Jeton Beqiri (born 18 June 1982) is a Macedonian professional football coach and former footballer. He is the head coach of Gabala in the Azerbaijan Premier League and has held multiple roles at the club, including head coach, assistant coach, and youth coach. Beqiri has also managed clubs in North Macedonia, Albania, and Saudi Arabia.

== Managerial career ==
=== Early career ===
Beqiri began his managerial career with Drita Bogovinë in 2008, where he remained until 2012. During this period, he gained experience in senior football management at domestic level.

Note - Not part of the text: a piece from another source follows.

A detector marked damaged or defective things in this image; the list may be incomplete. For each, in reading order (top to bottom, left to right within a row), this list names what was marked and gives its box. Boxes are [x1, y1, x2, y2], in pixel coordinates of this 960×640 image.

He was appointed head coach of Gostivari for the 2012–13 season before returning briefly to Drita Bogovinje in 2013.

=== Shkëndija ===
Beqiri has had several spells at KF Shkëndija. He initially joined the club as an assistant coach in 2014 and was promoted to head coach in 2015. After a further period as assistant coach, he again served as head coach in 2016.

In 2017, Beqiri worked within Shkëndija’s youth system, contributing to player development and maintaining continuity with the club’s sporting philosophy.

In 2024, he was reappointed head coach of Shkëndija.

=== Other clubs ===
Beqiri has also worked outside North Macedonia. He served as assistant coach at KF Flamurtari in Albania during the 2017–18 season, before returning to manage KF Renova in 2018.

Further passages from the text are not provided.